REAGENT AND TEST CLASS GROUP OF COMPOUNDS
Soluble in cold or hot water. (If the unknown is soluble do NOT perform solubility tests below) Neutral, acidic or basic. (Test with litmus or universal indicator paper) Lower members of series. Neutral, e.g. alcohols; Acidic, e.g. acids, phenols; Basic, e.g. amines
Soluble in dil. HCl Basic Most amines (except III amines with only aromatic groups
Soluble in dil. NaOH Acidic Most acids, most phenols.
Soluble in NaHCO3 Strongly acidic Most carboxylic acids.
Insoluble in water, acid and alkali Neutral Hydrocarbons, nitrohydro-carbons, alkyl or aryl halides, esters and ethers. Higher molecular weight alcohols, aldehydes and ketones

E. Group Classification Tests

From the previous tests it is often possible to deduce the functional groups present in the unknown compound. Consult i.r. spectra when available.

Individual tests are then performed to identify and confirm the functional groups present.

NOTE:

1. Students are strongly advised against carrying out unnecessary tests, since not only are they a waste of time but also increase the possibility of error. Thus it is pointless to first test for alcohol or ketone in a basic compound containing nitrogen! Instead tests for amines, etc. should be done on such a compound.

2. A systematic approach cannot be overemphasised in group classification tests to avoid confusion and error.

F. Consultation of Literature

Once the functional group has been identified, reference is made to tables in a book on organic analysis, for assessing possibilities and for the preparation of suitable solid derivatives.

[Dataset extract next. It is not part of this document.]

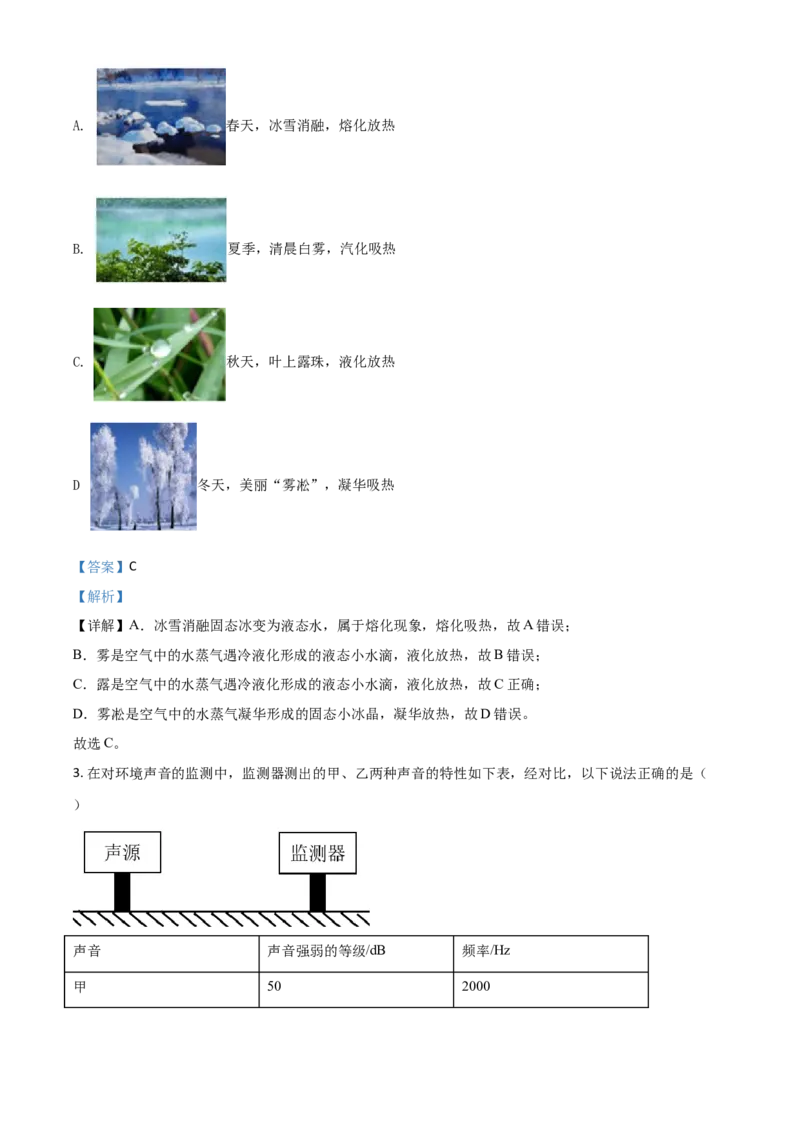 精品解析：2020年内蒙古呼和浩特市中考物理试题（解析版）_中考真题_4.物理中考真题2015-2024年_2020中考物理真题110份_2020年中考真题精品解析物理(内蒙古呼和浩特卷)精编word版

It should be noted that whilst two substances with the same functional group may sometimes have very similar b.p. or m.p., solid derivatives canusually be chosen from the literature, with m.p. differences of about 10 (or more), which distinguish between the two possibilities.

Example:
COMPOUND                    B.P.          DERIVATIVES (M.P.)
                                       2,4-DNPH  SEMICARBAZONE
Diethyl ketone              102           156         139 
Methyl n-propyl ketone      102           144         112 
G. Preparation of derivatives

The final characterisation of the unknown is made by the preparation of suitable solid derivatives. The derivative should be carefully selected and its m.p. should preferably be between 90 - 150 for ease of crystallisation and m.p. determination.

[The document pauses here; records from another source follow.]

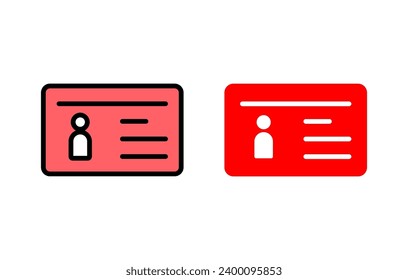 License icon set illustration. ID card icon. driver license, staff identification card 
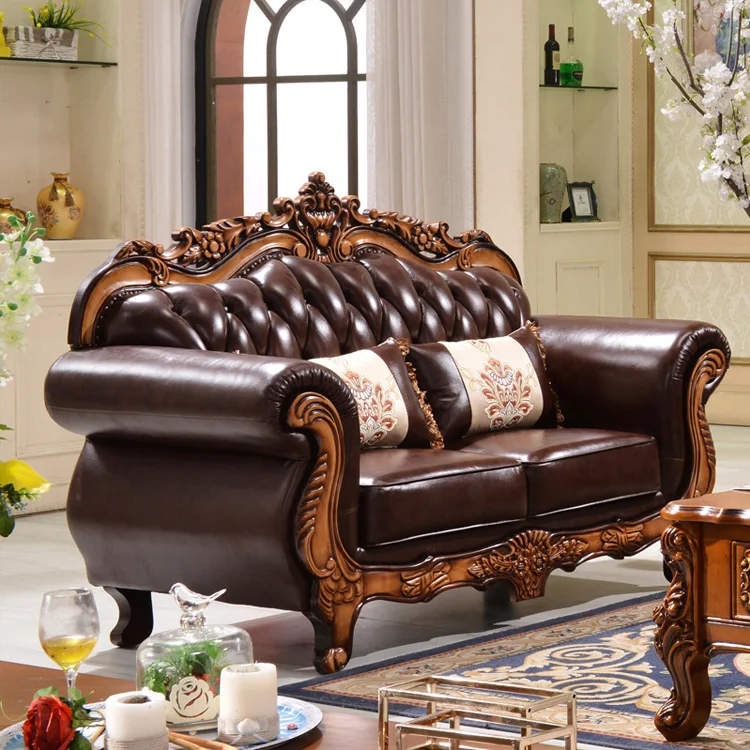 Chuangdian Foshan Factory Customized Luxury European Style Solid Wood Frame Brown Vintage Genuine Leather Living Room Sofa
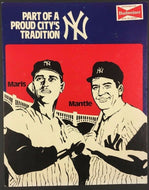 New York Yankees Cardboard Budweiser Sign Roger Maris Mickey Mantle Vintage
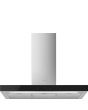 Smeg KBT9L4VN 90cm Chimney Hood, Stainless Steel with Black Glass Facia Auto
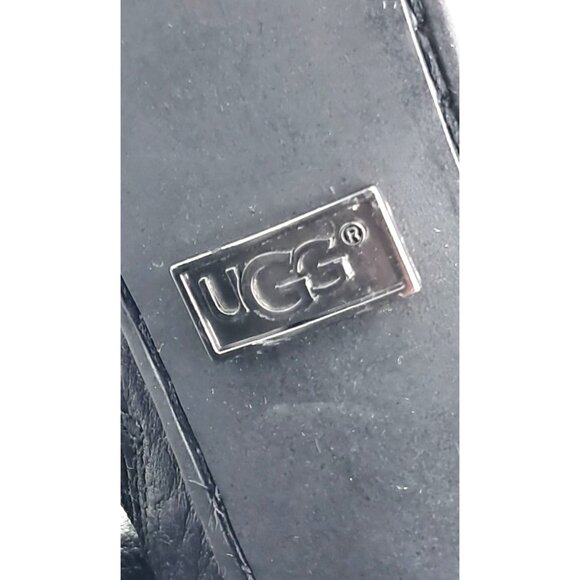 UGG Jardin Platform Boots Womens Size 10 Black Leather Buckle Straps Side Zip Mi - Picture 9 of 13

Preparation of one derivative should be attempted. The derivative should be purified by recrystallisation, dried and the m.p. determined. Derivatives should be submitted correctly labelled for assessment together with the record.

Recording of Results

The results should be recorded in a systematic manner. Results should be recorded in the practical book at the time (not written up afterwards).

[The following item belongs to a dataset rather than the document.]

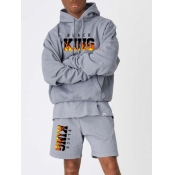 LW Men Hooded Collar King Letter Print Shorts Set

A record should be made of every test carried out, no matter whether a NEGATIVE RESULT HAS BEEN OBTAINED.

Test, observation and inference should be given.

At the conclusion of the analysis a brief summary of results should be included, giving the name, b.p. or m.p., and formula of the analysed compound.

Qualitative Analysis for Elements (for reference only)

In organic compounds the elements commonly occurring along with carbon and hydrogen, are oxygen, nitrogen, sulphur, chlorine, bromine and iodine. The detection of these elements depends upon converting them to water-soluble ionic compounds and the application of specific tests.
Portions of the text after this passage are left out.